* [Data for this task]
►
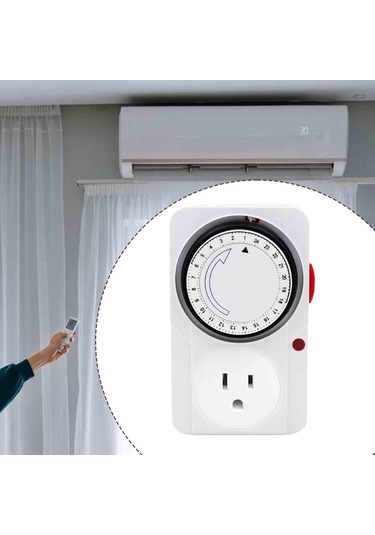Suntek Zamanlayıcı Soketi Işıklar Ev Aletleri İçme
◄
►
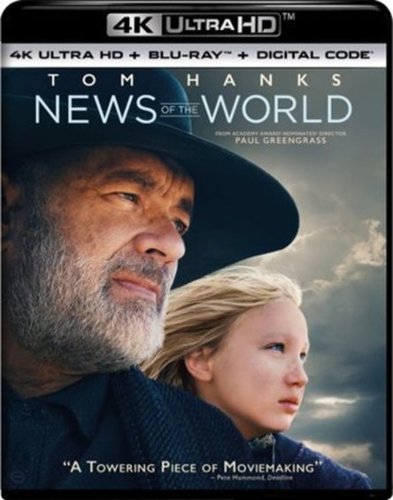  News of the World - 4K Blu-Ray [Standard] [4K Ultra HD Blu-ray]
◄
►
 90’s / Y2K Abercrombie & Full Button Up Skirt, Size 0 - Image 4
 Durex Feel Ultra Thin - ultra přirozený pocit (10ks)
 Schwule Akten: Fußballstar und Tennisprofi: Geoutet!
◄
* [Aim of the task] After locating the line with "90’s / Y2K Abercrombie" in the material above, return it and each line after it exactly, ending at the line with "Schwule Akten: Fußballstar".

* [Exercise answer]
 90’s / Y2K Abercrombie & Full Button Up Skirt, Size 0 - Image 4
 Durex Feel Ultra Thin - ultra přirozený pocit (10ks)
 Schwule Akten: Fußballstar und Tennisprofi: Geoutet!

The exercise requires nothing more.